Este relato está inspirado en un doble homicidio que ocurrió realmente y que me llamó la atención a principios de la década de los noventa. En aquel momento se le dio mucha publicidad, y aunque al acusado se le absolvió al final de todos los cargos, me pasé bastante tiempo considerando las posibilidades de que fuese culpable y pensando en cómo aquel hombre habría llevado a cabo el asesinato si verdaderamente hubiese cometido el crimen.

Y la conclusión a la que llegué es que aunque hubo dos víctimas de aquel crimen, un hombre joven y una mujer poco mayor que él, a mí me daba la impresión de que el objetivo había sido la esposa.

El marido era un hombre separado de su mujer y lleno de obsesiones. Su vida estaba dominada por los recuerdos, pensaba en su esposa de manera obsesiva, sobre todo en la forma en que ella lo había abandonado, humillándolo al hacerlo. El hombre tenía una cierta celebridad, y a su juicio ella no era nada. Y sin embargo había sido la mujer quien lo había dejado plantado y, para empeorar más las cosas, no daba muestras de que con el tiempo la situación pudiera acabar arreglándose. En un principio ella había dicho que necesitaba distanciarse durante una temporada porque la relación entre ellos era muy inestable. El marido se había mostrado de acuerdo. Pero ahora la mujer empezaba a hablar de divorcio, y esta palabra le hacía sentirse como un tonto. No sólo era probable que perdiera a sus hijos (tenían dos, un niño y una niña), sino que además el divorcio iba a costarle un buen montón de dinero, y ella no se merecía ni un céntimo.

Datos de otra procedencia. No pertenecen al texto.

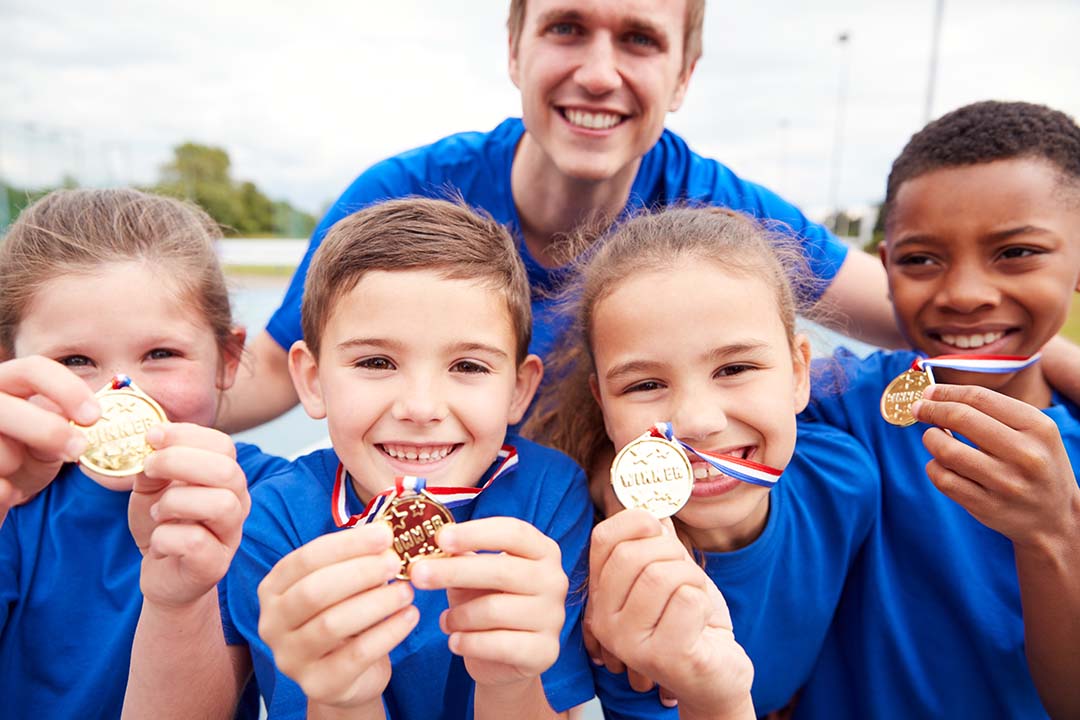 children holding up winner medals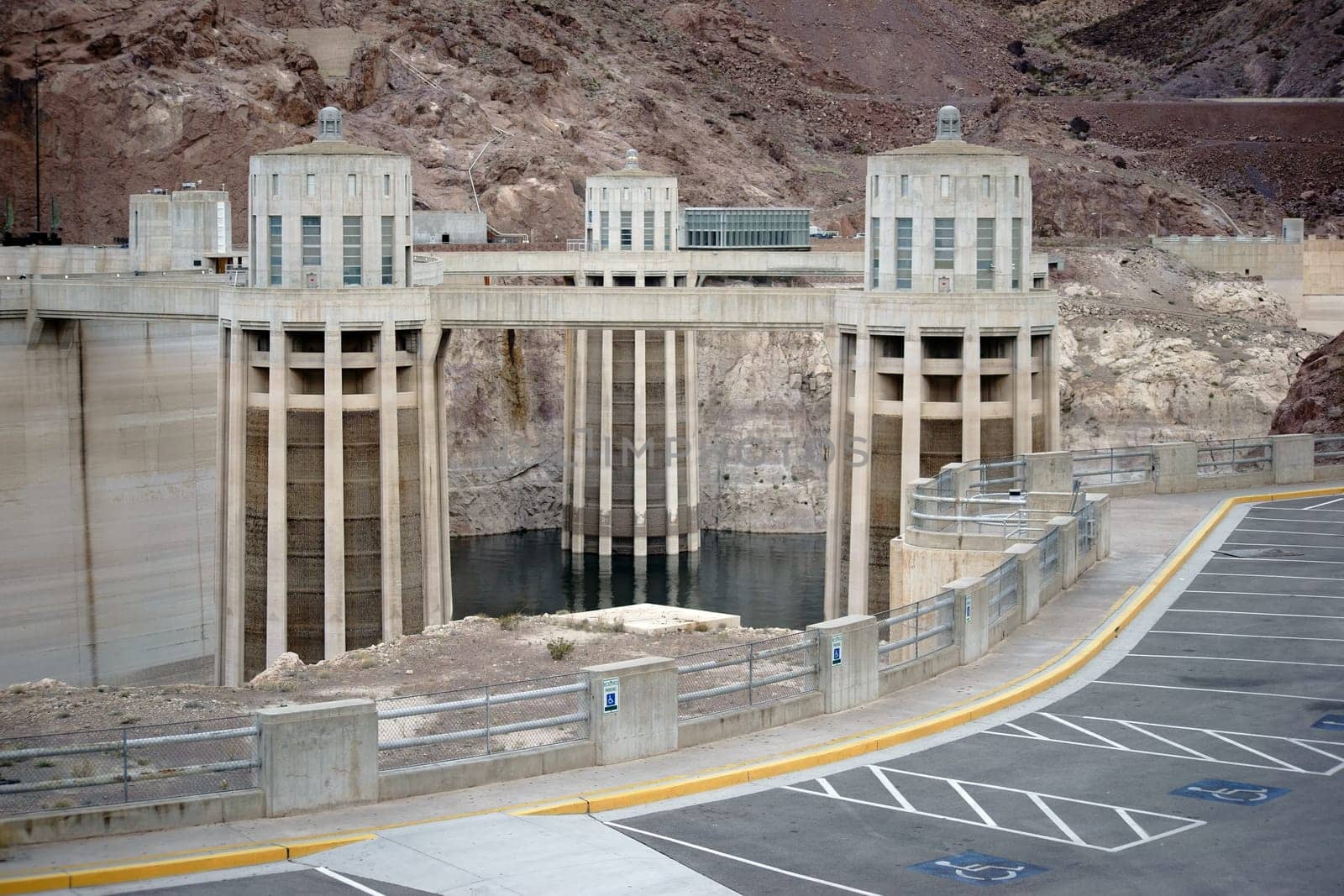 Boulder,United States - December 23,2015: Three water inlet towers of the Hoover Dam stand in a reservoir in front of rocks on December 23,2015 in Boulder.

Todas estas ideas empezaron a darle vueltas por la cabeza basta el punto de que acabaron convirtiéndose en una tortura. Sólo cuando dormía se veía libre de la esposa y dejaba de pensar en los planes de ésta para quitarle a los hijos, el dinero y, sin duda, liarse con algún joven semental… y todo a expensas suyas. Pero incluso entonces, por la noche, el hombre soñaba frecuentemente con ella. Y los pensamientos de día y los sueños de noche lo estaban volviendo tan loco que pensó que iba a morirse si no hacía algo para remediarlo.

Empezó a creer que la única manera de quitarse a su mujer de la cabeza era matándola. Había observado que a ella le gustaba acercarse a los hombres. Probablemente ya le habría sido infiel docenas de veces. Era una mala esposa y una madre desastrosa, de manera que, si decidía deshacerse de ella, no sólo se la quitaría de la cabeza, sino que al mismo tiempo les haría un favor a sus hijos.